Sweet & Sour Chicken
- Porch & Rose

- Apr 11, 2024
- 2 min read
Updated: May 26

the Story
This sweet and sour chicken is a tribute to my husband’s love for Chinese food—he’s been known to drive across town just to satisfy his craving for the perfect takeout. Tender, juicy chicken is coated in a light, crispy batter and tossed in a glossy, vibrant sauce that’s the perfect balance of tangy and sweet, with a subtle kick of warmth. Each bite is a burst of flavor, from the zesty vinegar to the hint of sugar sweetness. It’s a dish that brings the flavors of our favorite Chinese restaurant straight into our kitchen, satisfying those cravings without ever leaving home.
the Ingredients
The Chicken
2 LB Chicken Breast
1 Cup Corn Starch
2 Eggs, beaten
3 Tablespoons of Minced Garlic
Salt, to taste
Black Pepper, to taste
Olive Oil (For Frying)
The Sauce
1/3 Cup of Ketchup
1/2 Cup of Apple Cider Vinegar
1/2 Cup of Sugar
1 Tablespoon of Soy Sauce
Salt, to taste
Black Pepper, to taste
the Instructions
Trim the fat of each chicken breast, and slice it into bite-size pieces.

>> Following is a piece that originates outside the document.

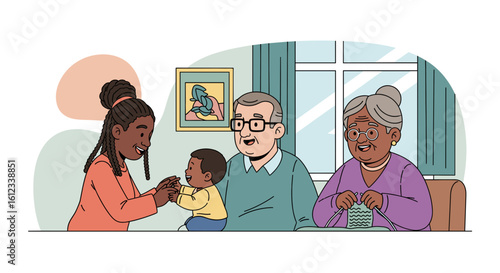 Happy multigenerational family spending time together, perfect for family, bonding, and generational themes.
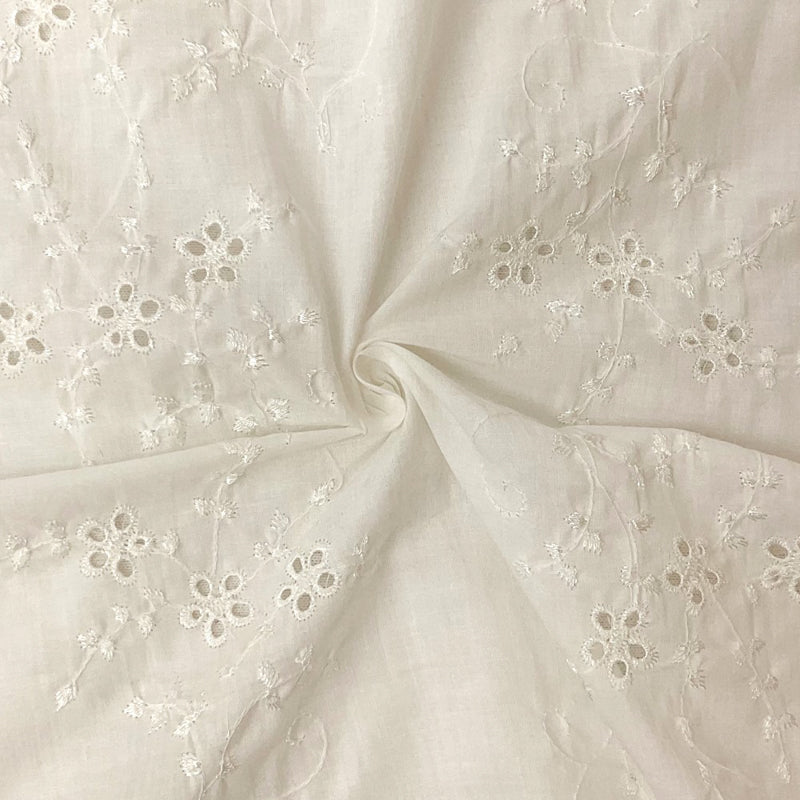 White Cotton Flaral Vine Embroidered Eyelet Voile Woven Fabric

In a large mixing bowl, place the sliced chicken and mix it with the cornstarch, garlic, salt, and pepper. Mix until the chicken is evenly coated. Shake off each piece and set aside.
In a medium mixing bowl, beat the eggs and set aside.
Preheat the oil in a large skillet over medium heat. I prefer to use enough oil to coat the bottom of the skillet.
Dip each piece of chicken into the eggs, and drop them into the oil, and fry about 3-5 minutes on each side, or until golden brown.
Place the Fried Chicken on a baking sheet and set aside.
In a small mixing bowl, whisk the Ketchup, Vinegar, Sugar, Soy Sauce, and seasoning together.
Toss the Fried Chicken into the sauce, and serve over Rice.